[Caption-style text data]
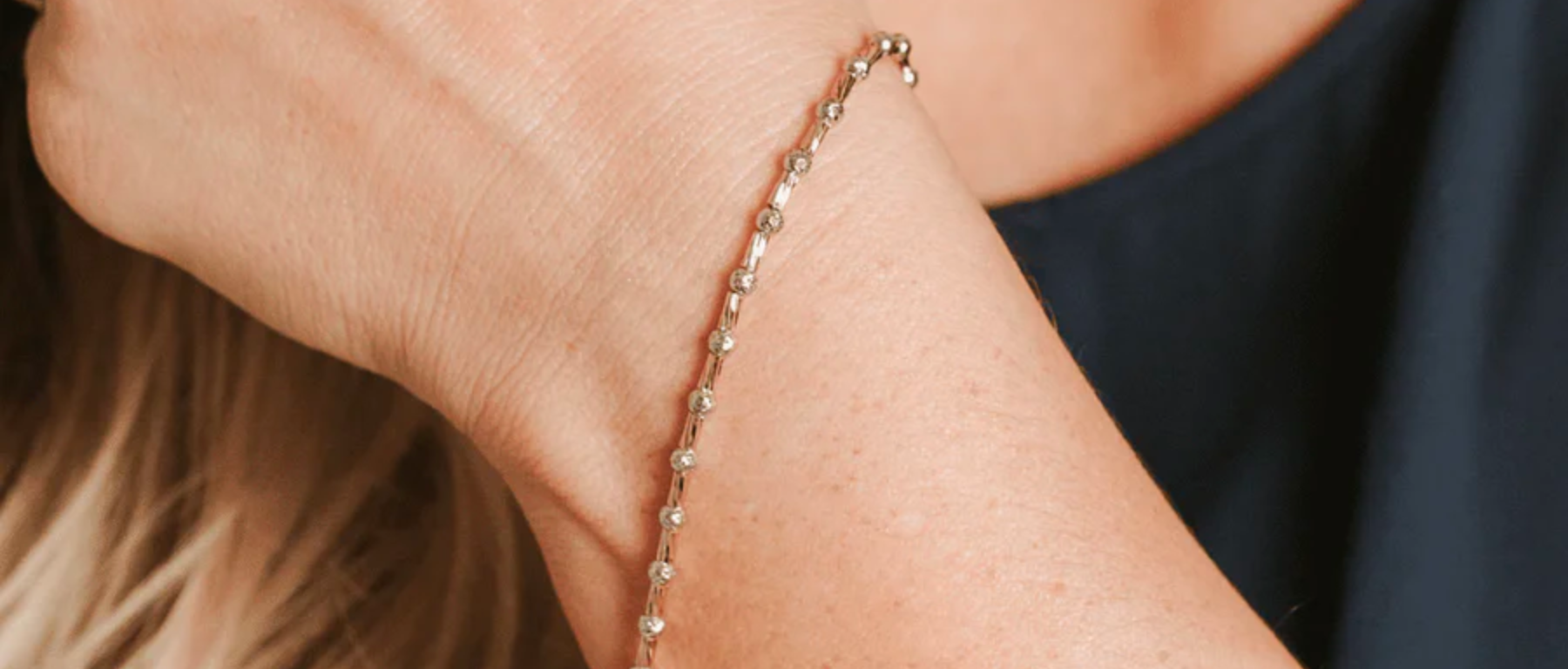 Lunar Bead Bracelet In Rose Gold Overlay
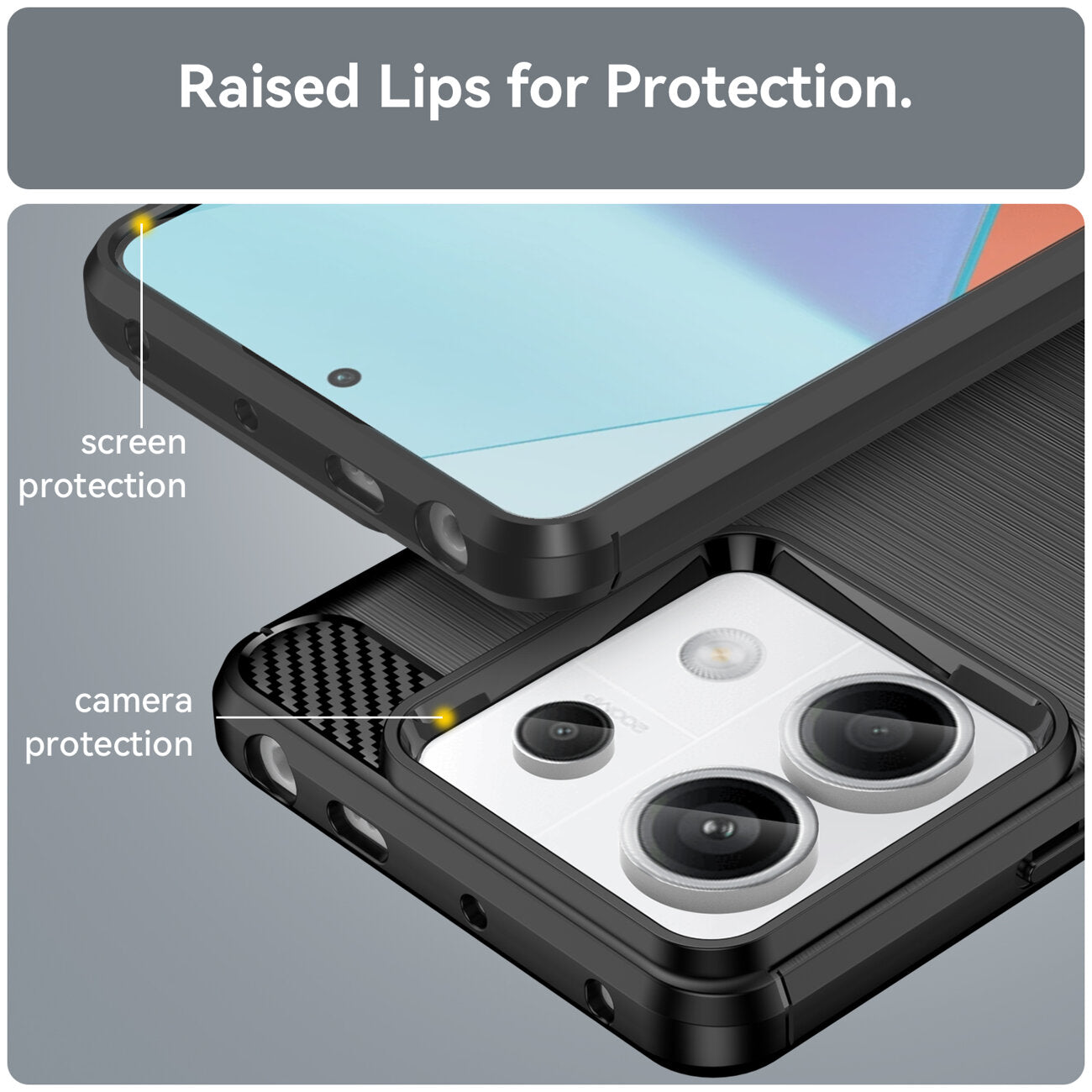 Kryt HeyCase Carbon Xiaomi Redmi Note 13 Pro Plus Black
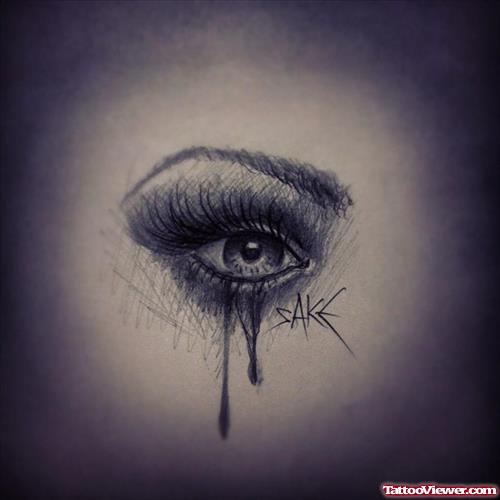 Weeping Eye Tattoo Design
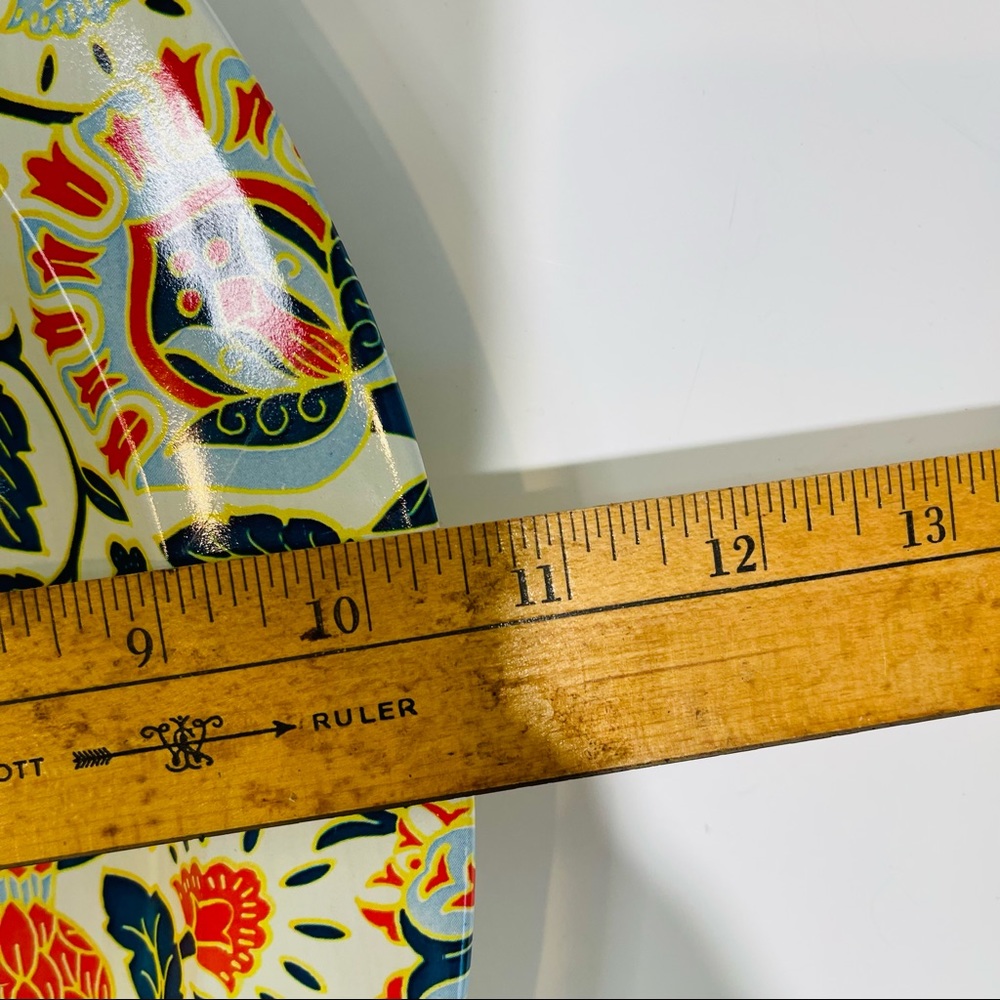 Vintage MCM Nevco 2 Metal trays tin Floral made South Africa red blue #1587 - Picture 8 of 11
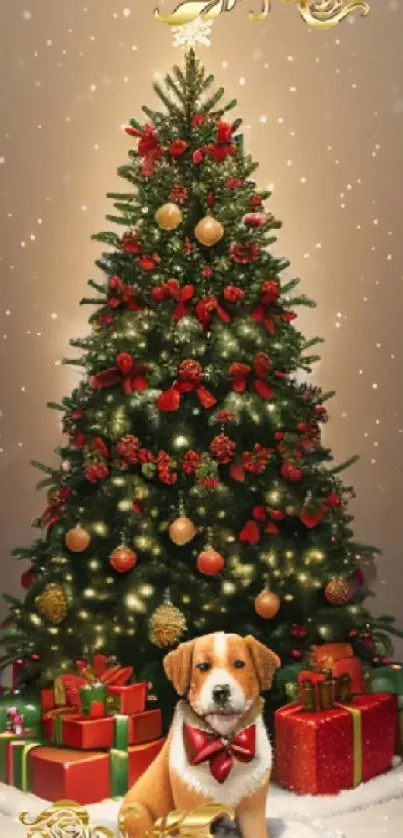 Christmas tree with lights and gifts, featuring a cute puppy.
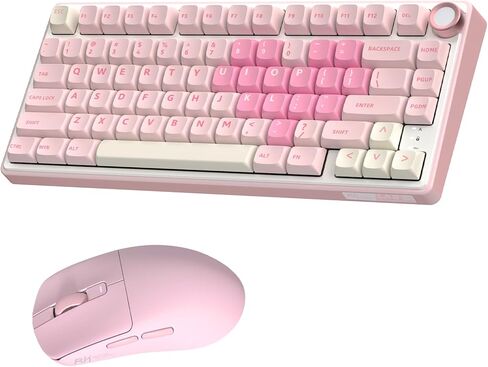 لوحة مفاتيح RK ROYAL KLUDGE R75 لاسلكية كريمية وماوس ألعاب M30، لوحة مفاتيح ميكانيكية قابلة للتبديل السريع، ملف تعريف MDA، ماوس لاسلكي 24000 نقطة في البوصة مع 5 أزرار قابلة للبرمجة للكمبيوتر الشخصي/جهاز Mac in Kuwait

▶ [WORK ITEM]:
Please repeat, with no pictures, each line from the start of the records above through the line with "Christmas tree with", inclusive, and only those.

▶ [RESPONSE AREA]:
 Lunar Bead Bracelet In Rose Gold Overlay
 Kryt HeyCase Carbon Xiaomi Redmi Note 13 Pro Plus Black
 Weeping Eye Tattoo Design
 Vintage MCM Nevco 2 Metal trays tin Floral made South Africa red blue #1587 - Picture 8 of 11
 Christmas tree with lights and gifts, featuring a cute puppy.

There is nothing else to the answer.